It turns out, it is. Jessie is based on Jane Kirkpatrick’s own grandmother and we get to learn much about her as a young girl and what life was like in the early days of photography.  This escalates the appeal of the book even further.  It is interesting to see how photographers were able to accomplish so much without digital technology or even film.  We even get to ‘witness’ historic firsts in the art.

Another thing I appreciated was the taboo nature of the plot. SPOILER: Our character Jessie falls in love with her married employer (many years her senior) and struggles with what she knows is right and wrong.  We don’t often read of this in a Christian novel, and I think it makes for an interesting study. Jessie and Mr.
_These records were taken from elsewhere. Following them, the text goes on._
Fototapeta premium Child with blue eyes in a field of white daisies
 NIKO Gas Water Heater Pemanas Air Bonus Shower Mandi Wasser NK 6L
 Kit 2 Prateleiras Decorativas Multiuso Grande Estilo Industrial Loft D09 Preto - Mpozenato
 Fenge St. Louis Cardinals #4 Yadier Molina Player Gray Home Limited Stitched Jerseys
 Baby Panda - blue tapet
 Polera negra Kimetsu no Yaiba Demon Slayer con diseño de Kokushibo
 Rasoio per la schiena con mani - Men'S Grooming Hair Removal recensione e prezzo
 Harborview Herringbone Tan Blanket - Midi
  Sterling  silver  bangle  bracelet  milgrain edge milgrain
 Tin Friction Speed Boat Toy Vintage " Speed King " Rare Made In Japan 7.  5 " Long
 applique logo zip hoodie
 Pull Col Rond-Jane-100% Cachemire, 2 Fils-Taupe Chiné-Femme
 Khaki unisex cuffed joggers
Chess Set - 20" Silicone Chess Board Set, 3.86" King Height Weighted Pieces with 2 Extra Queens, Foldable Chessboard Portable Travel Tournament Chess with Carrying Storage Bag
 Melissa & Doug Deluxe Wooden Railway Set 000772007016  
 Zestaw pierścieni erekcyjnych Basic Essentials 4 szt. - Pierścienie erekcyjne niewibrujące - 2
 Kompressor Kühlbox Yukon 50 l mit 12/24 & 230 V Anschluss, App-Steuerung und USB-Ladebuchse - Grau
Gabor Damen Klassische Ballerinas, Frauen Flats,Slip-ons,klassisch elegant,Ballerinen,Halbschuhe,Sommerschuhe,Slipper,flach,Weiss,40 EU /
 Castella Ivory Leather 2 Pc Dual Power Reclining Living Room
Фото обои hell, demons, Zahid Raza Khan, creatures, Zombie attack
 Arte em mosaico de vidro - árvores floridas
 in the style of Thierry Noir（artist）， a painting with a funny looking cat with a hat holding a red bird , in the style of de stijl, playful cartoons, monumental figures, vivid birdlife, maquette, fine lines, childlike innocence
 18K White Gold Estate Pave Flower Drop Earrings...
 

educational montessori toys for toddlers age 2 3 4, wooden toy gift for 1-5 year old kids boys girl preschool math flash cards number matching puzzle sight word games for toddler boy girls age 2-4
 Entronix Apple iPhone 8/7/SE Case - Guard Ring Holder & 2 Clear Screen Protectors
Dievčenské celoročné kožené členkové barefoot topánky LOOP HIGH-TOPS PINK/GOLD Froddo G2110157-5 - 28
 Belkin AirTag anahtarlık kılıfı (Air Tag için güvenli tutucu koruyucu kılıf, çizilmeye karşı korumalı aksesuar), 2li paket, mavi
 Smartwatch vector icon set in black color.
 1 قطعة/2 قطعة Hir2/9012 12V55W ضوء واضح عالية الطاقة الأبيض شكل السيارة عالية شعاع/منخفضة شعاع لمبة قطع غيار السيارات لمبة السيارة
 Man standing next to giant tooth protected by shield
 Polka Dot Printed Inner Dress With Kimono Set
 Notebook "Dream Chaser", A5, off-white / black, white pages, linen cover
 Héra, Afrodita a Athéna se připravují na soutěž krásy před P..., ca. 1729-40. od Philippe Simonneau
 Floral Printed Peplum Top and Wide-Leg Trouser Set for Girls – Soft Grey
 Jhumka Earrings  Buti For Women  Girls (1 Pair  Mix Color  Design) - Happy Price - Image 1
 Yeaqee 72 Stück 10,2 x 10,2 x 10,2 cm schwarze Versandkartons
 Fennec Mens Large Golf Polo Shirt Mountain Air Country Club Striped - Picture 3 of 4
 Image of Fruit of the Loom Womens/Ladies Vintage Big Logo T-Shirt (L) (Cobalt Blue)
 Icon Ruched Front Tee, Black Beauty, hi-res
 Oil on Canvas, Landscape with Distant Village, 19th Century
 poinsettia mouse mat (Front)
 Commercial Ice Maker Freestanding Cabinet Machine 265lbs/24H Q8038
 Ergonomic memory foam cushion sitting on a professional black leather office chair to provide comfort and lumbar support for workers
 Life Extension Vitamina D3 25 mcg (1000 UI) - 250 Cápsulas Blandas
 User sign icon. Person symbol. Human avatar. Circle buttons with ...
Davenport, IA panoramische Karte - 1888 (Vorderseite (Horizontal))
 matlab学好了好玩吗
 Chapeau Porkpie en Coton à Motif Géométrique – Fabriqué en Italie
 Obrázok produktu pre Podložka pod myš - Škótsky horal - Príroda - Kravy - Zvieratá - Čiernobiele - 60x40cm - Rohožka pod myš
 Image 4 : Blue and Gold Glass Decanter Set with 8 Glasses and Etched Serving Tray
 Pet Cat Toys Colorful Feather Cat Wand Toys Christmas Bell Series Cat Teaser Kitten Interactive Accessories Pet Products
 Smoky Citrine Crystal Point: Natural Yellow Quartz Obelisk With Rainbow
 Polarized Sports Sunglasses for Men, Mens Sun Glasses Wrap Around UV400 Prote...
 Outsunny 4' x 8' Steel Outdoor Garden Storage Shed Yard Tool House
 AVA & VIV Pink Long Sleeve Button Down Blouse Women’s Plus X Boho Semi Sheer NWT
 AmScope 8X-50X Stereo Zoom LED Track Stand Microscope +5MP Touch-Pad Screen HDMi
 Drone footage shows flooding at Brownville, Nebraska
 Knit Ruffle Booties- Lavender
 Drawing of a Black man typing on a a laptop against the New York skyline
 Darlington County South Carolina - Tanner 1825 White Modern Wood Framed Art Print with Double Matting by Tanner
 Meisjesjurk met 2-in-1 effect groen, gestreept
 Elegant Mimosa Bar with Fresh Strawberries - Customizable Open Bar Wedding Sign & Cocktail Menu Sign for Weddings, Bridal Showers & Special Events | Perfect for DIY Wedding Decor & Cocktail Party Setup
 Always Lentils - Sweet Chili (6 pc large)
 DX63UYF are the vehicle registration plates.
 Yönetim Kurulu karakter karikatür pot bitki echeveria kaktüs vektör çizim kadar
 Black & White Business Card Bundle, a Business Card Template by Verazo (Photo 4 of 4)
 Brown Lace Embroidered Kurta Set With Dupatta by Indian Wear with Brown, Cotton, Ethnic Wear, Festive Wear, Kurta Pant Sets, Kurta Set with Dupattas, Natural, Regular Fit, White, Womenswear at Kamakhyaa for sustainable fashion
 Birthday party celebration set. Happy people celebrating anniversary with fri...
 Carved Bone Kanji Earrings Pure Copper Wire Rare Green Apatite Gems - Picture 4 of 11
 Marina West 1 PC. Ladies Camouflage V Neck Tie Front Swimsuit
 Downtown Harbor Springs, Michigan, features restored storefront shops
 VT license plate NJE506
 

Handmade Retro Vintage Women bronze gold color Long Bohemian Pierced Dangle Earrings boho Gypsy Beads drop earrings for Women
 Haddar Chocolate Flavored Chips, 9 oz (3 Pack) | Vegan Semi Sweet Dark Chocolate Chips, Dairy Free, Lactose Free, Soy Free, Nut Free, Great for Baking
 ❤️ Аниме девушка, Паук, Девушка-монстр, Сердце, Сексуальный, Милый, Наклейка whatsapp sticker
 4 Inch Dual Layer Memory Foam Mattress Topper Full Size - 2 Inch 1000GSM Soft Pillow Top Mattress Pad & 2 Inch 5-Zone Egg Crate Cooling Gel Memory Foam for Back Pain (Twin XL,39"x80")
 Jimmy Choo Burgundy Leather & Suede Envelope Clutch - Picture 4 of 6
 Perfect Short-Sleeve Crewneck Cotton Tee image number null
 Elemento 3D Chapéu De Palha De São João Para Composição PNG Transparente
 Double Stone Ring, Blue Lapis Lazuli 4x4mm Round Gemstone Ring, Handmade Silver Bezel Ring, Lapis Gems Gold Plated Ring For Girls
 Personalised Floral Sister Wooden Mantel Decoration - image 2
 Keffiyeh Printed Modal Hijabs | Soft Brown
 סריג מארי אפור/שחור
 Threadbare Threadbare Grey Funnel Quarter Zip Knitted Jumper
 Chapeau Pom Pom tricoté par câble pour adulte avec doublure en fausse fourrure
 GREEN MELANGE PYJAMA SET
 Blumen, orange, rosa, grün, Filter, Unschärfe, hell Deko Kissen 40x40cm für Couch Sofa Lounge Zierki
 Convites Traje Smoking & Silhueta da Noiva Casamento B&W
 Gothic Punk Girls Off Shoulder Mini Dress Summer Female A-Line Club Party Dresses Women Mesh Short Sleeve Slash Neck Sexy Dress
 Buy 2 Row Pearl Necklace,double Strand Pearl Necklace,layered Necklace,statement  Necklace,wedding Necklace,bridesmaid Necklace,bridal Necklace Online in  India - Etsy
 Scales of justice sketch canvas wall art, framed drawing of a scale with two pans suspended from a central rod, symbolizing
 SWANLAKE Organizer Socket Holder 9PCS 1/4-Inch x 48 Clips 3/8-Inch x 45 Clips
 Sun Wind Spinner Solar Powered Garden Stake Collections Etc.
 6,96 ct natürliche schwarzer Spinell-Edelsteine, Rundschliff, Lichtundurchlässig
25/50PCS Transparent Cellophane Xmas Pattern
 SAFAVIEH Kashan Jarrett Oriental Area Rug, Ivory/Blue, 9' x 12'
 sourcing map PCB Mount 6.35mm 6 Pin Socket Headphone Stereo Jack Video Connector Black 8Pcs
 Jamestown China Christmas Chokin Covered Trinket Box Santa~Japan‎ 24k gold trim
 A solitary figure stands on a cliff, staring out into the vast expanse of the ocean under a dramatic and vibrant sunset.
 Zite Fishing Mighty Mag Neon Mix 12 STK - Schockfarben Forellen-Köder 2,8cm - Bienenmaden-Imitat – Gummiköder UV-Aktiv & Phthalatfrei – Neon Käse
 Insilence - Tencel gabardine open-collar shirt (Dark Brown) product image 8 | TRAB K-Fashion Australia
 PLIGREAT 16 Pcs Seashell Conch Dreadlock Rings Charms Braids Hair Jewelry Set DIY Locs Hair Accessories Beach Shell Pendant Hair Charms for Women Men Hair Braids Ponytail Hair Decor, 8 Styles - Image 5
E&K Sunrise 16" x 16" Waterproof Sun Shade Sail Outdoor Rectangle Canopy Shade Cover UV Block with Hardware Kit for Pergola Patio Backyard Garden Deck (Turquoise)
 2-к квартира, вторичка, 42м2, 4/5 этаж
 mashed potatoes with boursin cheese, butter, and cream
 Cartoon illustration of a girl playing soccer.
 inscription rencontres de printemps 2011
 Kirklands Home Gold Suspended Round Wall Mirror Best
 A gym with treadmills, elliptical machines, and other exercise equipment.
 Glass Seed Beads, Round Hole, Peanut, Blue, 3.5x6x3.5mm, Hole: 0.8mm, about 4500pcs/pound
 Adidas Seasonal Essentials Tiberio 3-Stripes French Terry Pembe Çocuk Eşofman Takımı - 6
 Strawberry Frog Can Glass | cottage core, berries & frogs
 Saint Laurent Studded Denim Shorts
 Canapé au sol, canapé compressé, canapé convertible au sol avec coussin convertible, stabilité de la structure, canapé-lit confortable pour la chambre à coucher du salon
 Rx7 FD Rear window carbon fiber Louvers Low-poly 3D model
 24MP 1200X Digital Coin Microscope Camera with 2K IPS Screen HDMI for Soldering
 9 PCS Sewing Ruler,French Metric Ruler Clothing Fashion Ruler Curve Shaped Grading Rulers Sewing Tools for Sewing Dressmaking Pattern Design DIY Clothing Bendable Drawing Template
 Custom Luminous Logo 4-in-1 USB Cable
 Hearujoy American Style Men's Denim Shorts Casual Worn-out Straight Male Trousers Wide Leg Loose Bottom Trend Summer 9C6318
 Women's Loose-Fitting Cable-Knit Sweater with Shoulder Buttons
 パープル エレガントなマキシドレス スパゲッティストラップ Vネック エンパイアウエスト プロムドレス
Bauer don’t start out with wrong intentions.  Instead, a series of innocent events leads to a little more and then over a long period of time things turn into a lot more than they’d planned to.  Thankfully, Jessie comes from a good family who loves her and when they come to a realization of the truth they take it upon themselves to intervene. END OF SPOILER.

I am looking forward to reading the sequel (An Absence So Great). I did look up some of the history behind the real characters, but I would advise anyone else not to because it did create a spoiler for me as to what happens in the second book.  If you can be patient with a quiet, slow-moving story, I think you will appreciate this read.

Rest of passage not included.